Prove that the induced matrix norm $||A||_{\infty}$ is equal to its maximum absolute row sum.
This is my first time working through a proof in numerical analysis. Is my workings correct? If not, how do I solve this proof? Any help is greatly appreciated.
Suppose the maximum row is obtained from row $k$ of the matrix $A$. Then choose vector $x$ defined by $x_j = 1$ if $a_{kj} \geq 0$ and $x_j = -1$ if $a_{kj} < 0.$ Then $||x||_{\infty} = 1$ and
$$||A||_{\infty} \geq ||Ax||_{\infty} \geq \left|\sum_{j=1}^n a_{kj}x_j \right|= \sum ^{n}_{j=1} |a_{kj}| = R$$.
Hence here we have a specific vector of length $1$ for which the vector norm $A$ dominates the maximum row sum.
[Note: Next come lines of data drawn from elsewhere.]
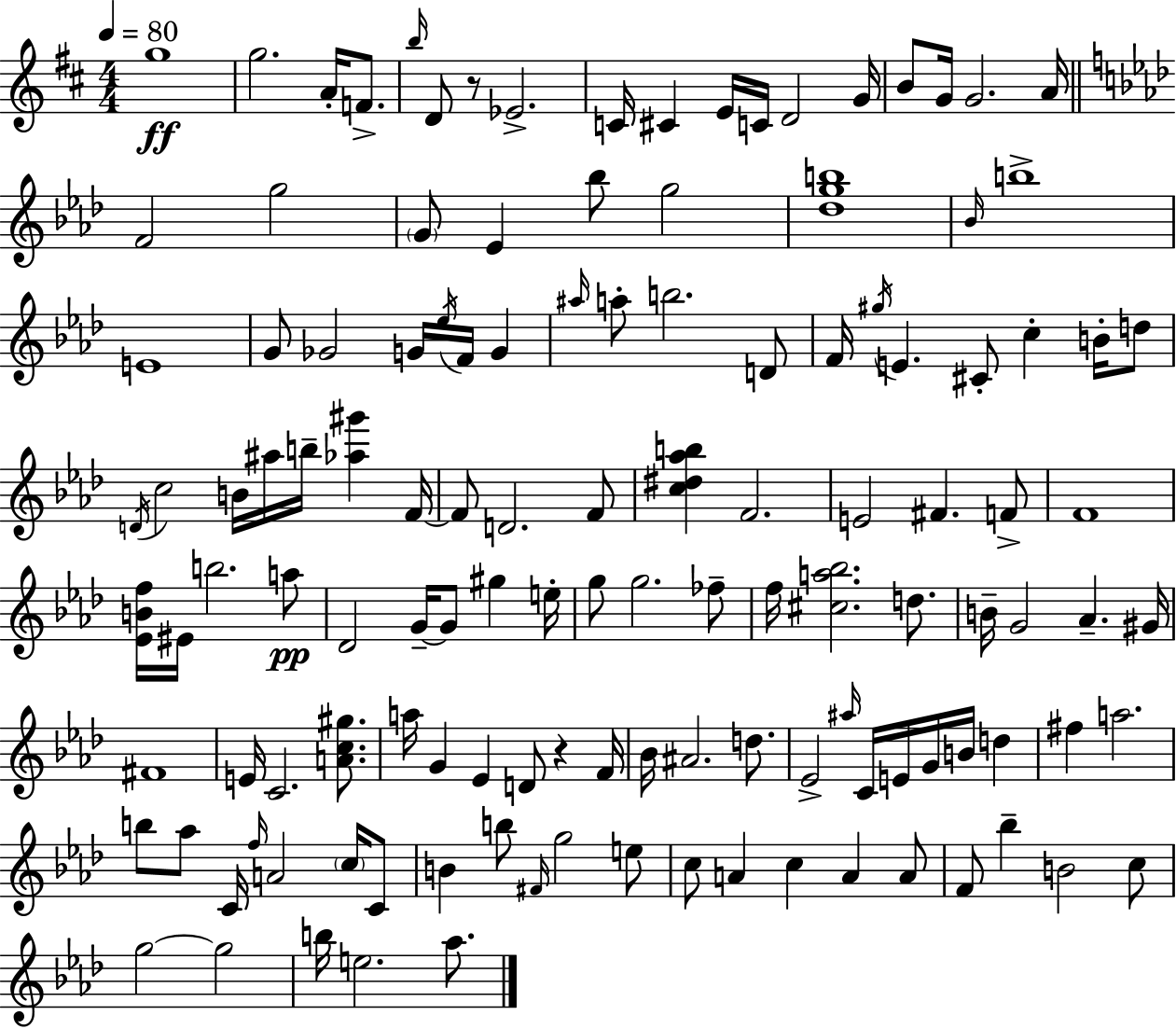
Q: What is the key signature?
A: D major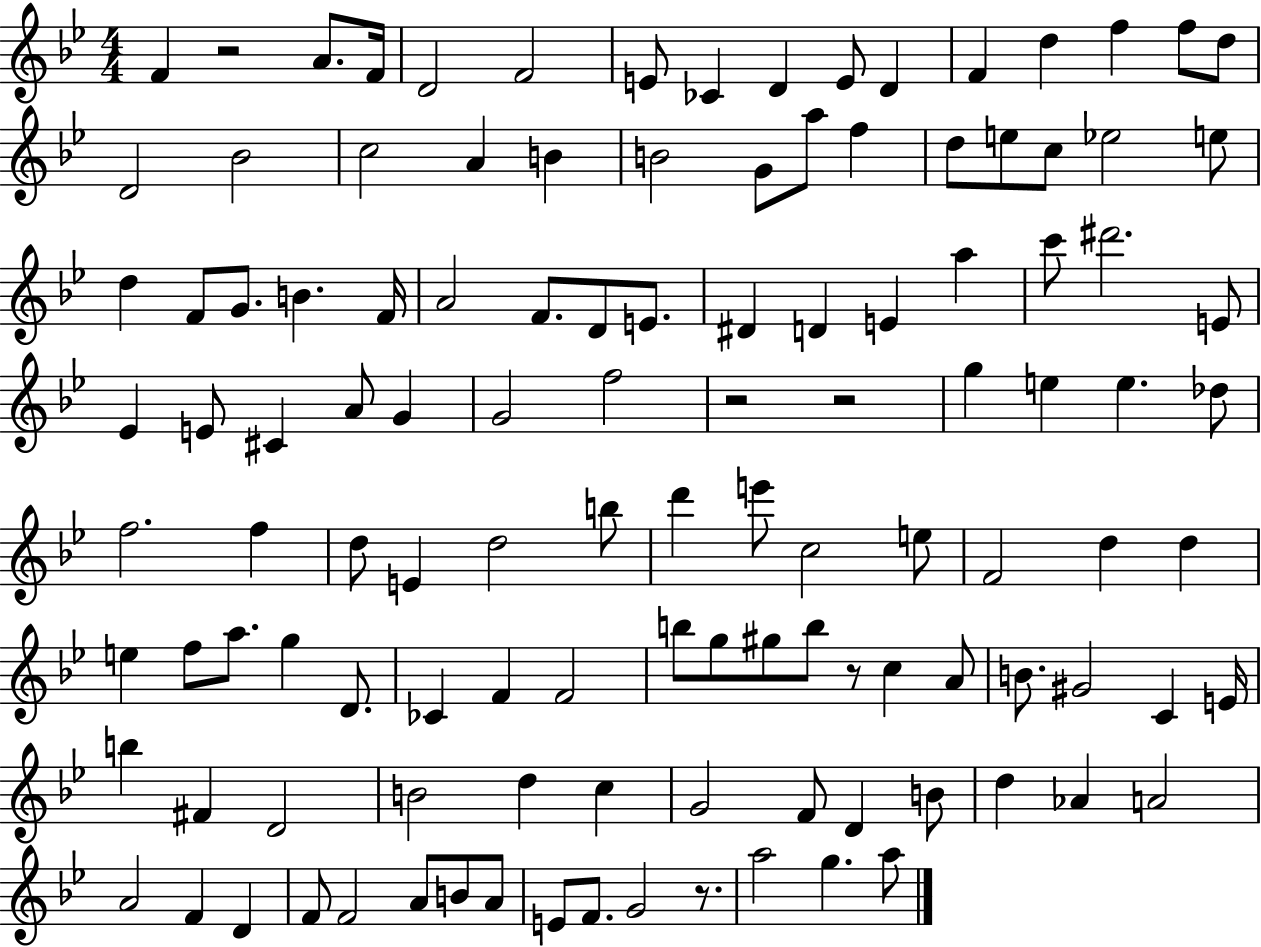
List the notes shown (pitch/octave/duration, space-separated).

F4/q R/h A4/e. F4/s D4/h F4/h E4/e CES4/q D4/q E4/e D4/q F4/q D5/q F5/q F5/e D5/e D4/h Bb4/h C5/h A4/q B4/q B4/h G4/e A5/e F5/q D5/e E5/e C5/e Eb5/h E5/e D5/q F4/e G4/e. B4/q. F4/s A4/h F4/e. D4/e E4/e. D#4/q D4/q E4/q A5/q C6/e D#6/h. E4/e Eb4/q E4/e C#4/q A4/e G4/q G4/h F5/h R/h R/h G5/q E5/q E5/q. Db5/e F5/h. F5/q D5/e E4/q D5/h B5/e D6/q E6/e C5/h E5/e F4/h D5/q D5/q E5/q F5/e A5/e. G5/q D4/e. CES4/q F4/q F4/h B5/e G5/e G#5/e B5/e R/e C5/q A4/e B4/e. G#4/h C4/q E4/s B5/q F#4/q D4/h B4/h D5/q C5/q G4/h F4/e D4/q B4/e D5/q Ab4/q A4/h A4/h F4/q D4/q F4/e F4/h A4/e B4/e A4/e E4/e F4/e. G4/h R/e. A5/h G5/q. A5/e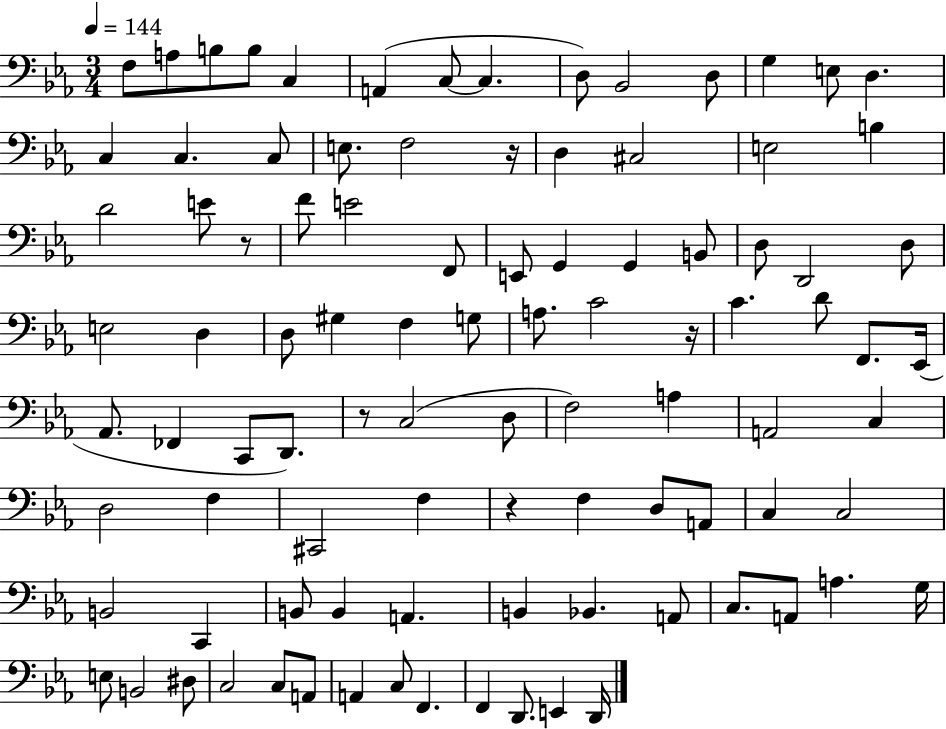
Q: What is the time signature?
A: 3/4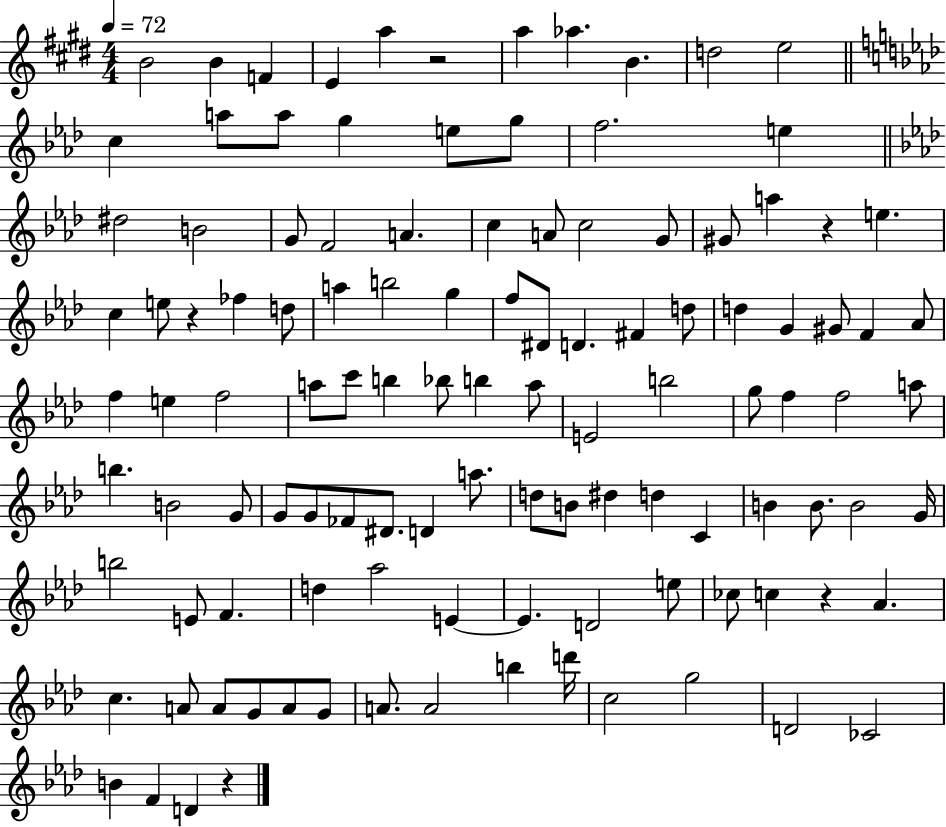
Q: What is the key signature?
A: E major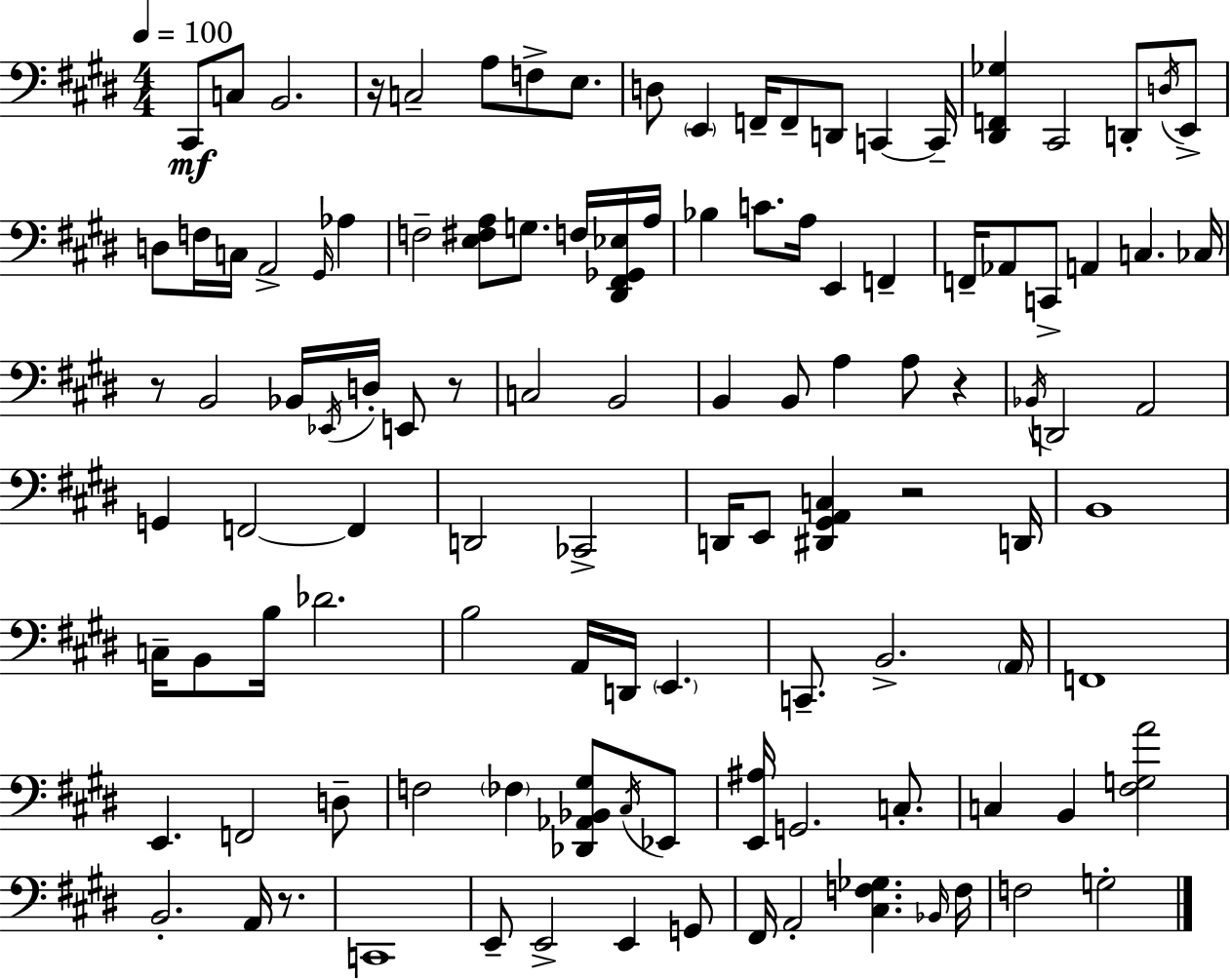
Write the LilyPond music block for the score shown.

{
  \clef bass
  \numericTimeSignature
  \time 4/4
  \key e \major
  \tempo 4 = 100
  cis,8\mf c8 b,2. | r16 c2-- a8 f8-> e8. | d8 \parenthesize e,4 f,16-- f,8-- d,8 c,4~~ c,16-- | <dis, f, ges>4 cis,2 d,8-. \acciaccatura { d16 } e,8-> | \break d8 f16 c16 a,2-> \grace { gis,16 } aes4 | f2-- <e fis a>8 g8. f16 | <dis, fis, ges, ees>16 a16 bes4 c'8. a16 e,4 f,4-- | f,16-- aes,8 c,8-> a,4 c4. | \break ces16 r8 b,2 bes,16 \acciaccatura { ees,16 } d16-. e,8 | r8 c2 b,2 | b,4 b,8 a4 a8 r4 | \acciaccatura { bes,16 } d,2 a,2 | \break g,4 f,2~~ | f,4 d,2 ces,2-> | d,16 e,8 <dis, gis, a, c>4 r2 | d,16 b,1 | \break c16-- b,8 b16 des'2. | b2 a,16 d,16 \parenthesize e,4. | c,8.-- b,2.-> | \parenthesize a,16 f,1 | \break e,4. f,2 | d8-- f2 \parenthesize fes4 | <des, aes, bes, gis>8 \acciaccatura { cis16 } ees,8 <e, ais>16 g,2. | c8.-. c4 b,4 <fis g a'>2 | \break b,2.-. | a,16 r8. c,1 | e,8-- e,2-> e,4 | g,8 fis,16 a,2-. <cis f ges>4. | \break \grace { bes,16 } f16 f2 g2-. | \bar "|."
}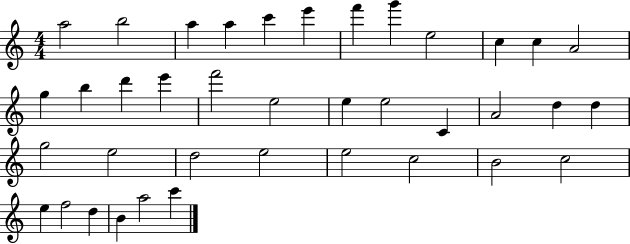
{
  \clef treble
  \numericTimeSignature
  \time 4/4
  \key c \major
  a''2 b''2 | a''4 a''4 c'''4 e'''4 | f'''4 g'''4 e''2 | c''4 c''4 a'2 | \break g''4 b''4 d'''4 e'''4 | f'''2 e''2 | e''4 e''2 c'4 | a'2 d''4 d''4 | \break g''2 e''2 | d''2 e''2 | e''2 c''2 | b'2 c''2 | \break e''4 f''2 d''4 | b'4 a''2 c'''4 | \bar "|."
}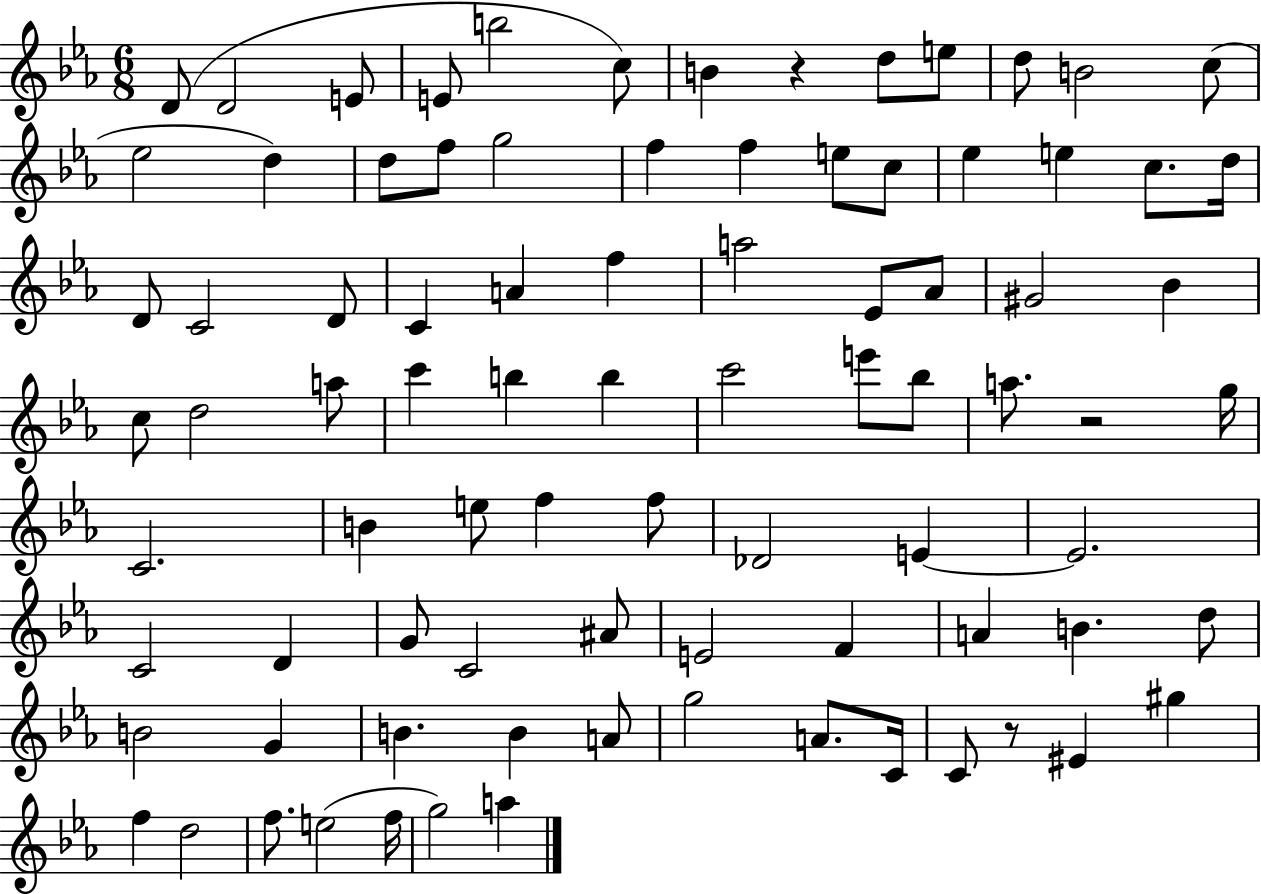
{
  \clef treble
  \numericTimeSignature
  \time 6/8
  \key ees \major
  d'8( d'2 e'8 | e'8 b''2 c''8) | b'4 r4 d''8 e''8 | d''8 b'2 c''8( | \break ees''2 d''4) | d''8 f''8 g''2 | f''4 f''4 e''8 c''8 | ees''4 e''4 c''8. d''16 | \break d'8 c'2 d'8 | c'4 a'4 f''4 | a''2 ees'8 aes'8 | gis'2 bes'4 | \break c''8 d''2 a''8 | c'''4 b''4 b''4 | c'''2 e'''8 bes''8 | a''8. r2 g''16 | \break c'2. | b'4 e''8 f''4 f''8 | des'2 e'4~~ | e'2. | \break c'2 d'4 | g'8 c'2 ais'8 | e'2 f'4 | a'4 b'4. d''8 | \break b'2 g'4 | b'4. b'4 a'8 | g''2 a'8. c'16 | c'8 r8 eis'4 gis''4 | \break f''4 d''2 | f''8. e''2( f''16 | g''2) a''4 | \bar "|."
}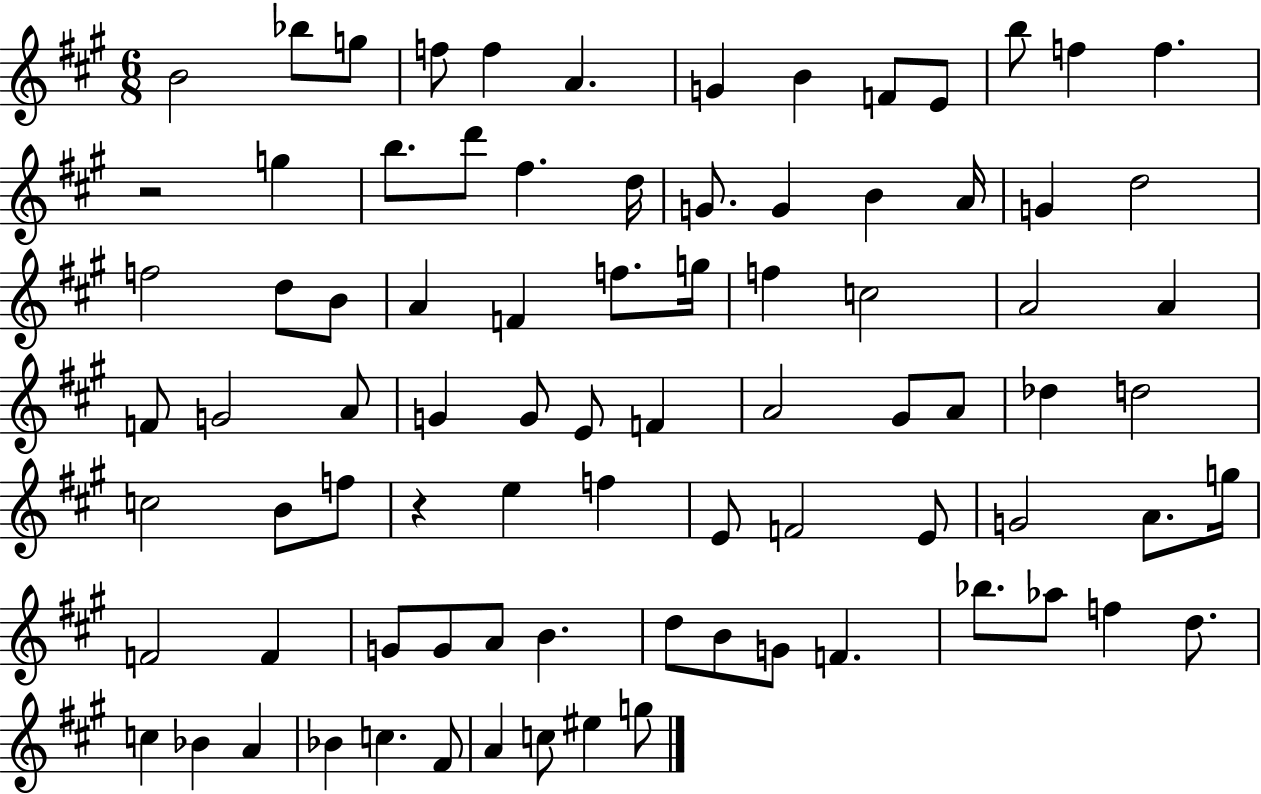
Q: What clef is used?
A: treble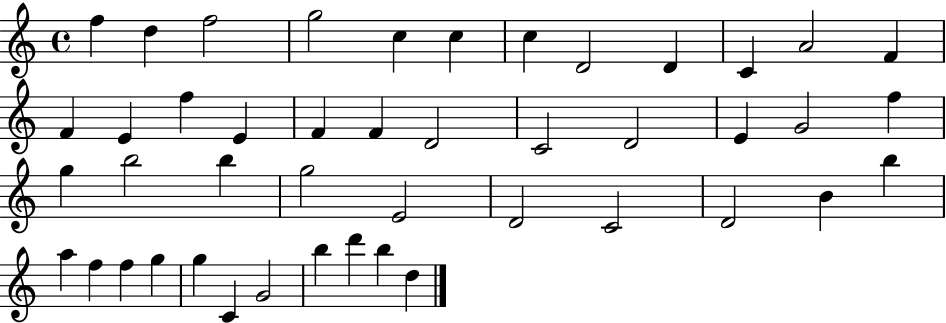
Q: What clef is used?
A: treble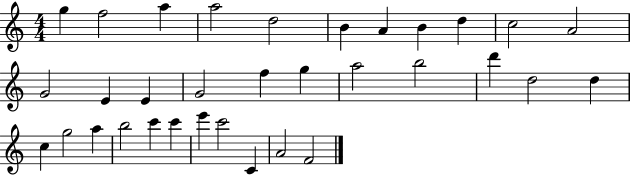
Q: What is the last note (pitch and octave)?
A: F4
Hence,
$$||A||_{\infty} = R $$
Edit:
Let $||x||_{\infty} = 1$ then by the definition $|x_i| \leq 1 $ and $|x_k| =1$ for some $k$. Then
$$||Ax||_{\infty} = max _{i}\left|\sum^n_{j=1}a_{ij}x_j \right| \leq max_{i}\sum^{n}_{j=1} |a_{ij}| = R$$
Hence the max row sum is always greater than or equal to the infinity vector norm of $A$
Best Answer
Based on another answer you should have $$ \| A\|_{\infty} = \max_{\| x\|_{\infty} =1} \| Ax\| = \max_{\| x\|_{\infty} =1} \max_{1 \leq i \leq n}| \bigg\| \sum_{j=1}^{n} a_{ij} x_{i} \bigg\| \tag{1} $$
$$ \max_{\| x\|_{\infty} =1} \max_{1 \leq i \leq n}| \bigg\| \sum_{j=1}^{n} a_{ij} x_{i} \bigg\| = \max_{1 \leq i \leq n} \max_{ \| x\|_{\infty} = 1} \bigg\| \sum_{j=1}^{n} a_{ij} x_{j}\bigg\|\tag{2} $$
$$ \max_{\| x\|_{\infty} =1} \max_{1 \leq i \leq n}| \bigg\| \sum_{j=1}^{n} a_{ij} x_{i} \bigg\| = \max_{1 \leq i \leq n} \sum_{j=1}^{n} |a_{ij}|\tag{3} $$
$$ \| x\|_{1} = \sum_{i=1}^{n} |x_{i}| \tag{4} $$
$$ \|A\|_{\infty} = \max_{1 \leq i \leq n} \| a_{i} \|_{1} \tag{5} $$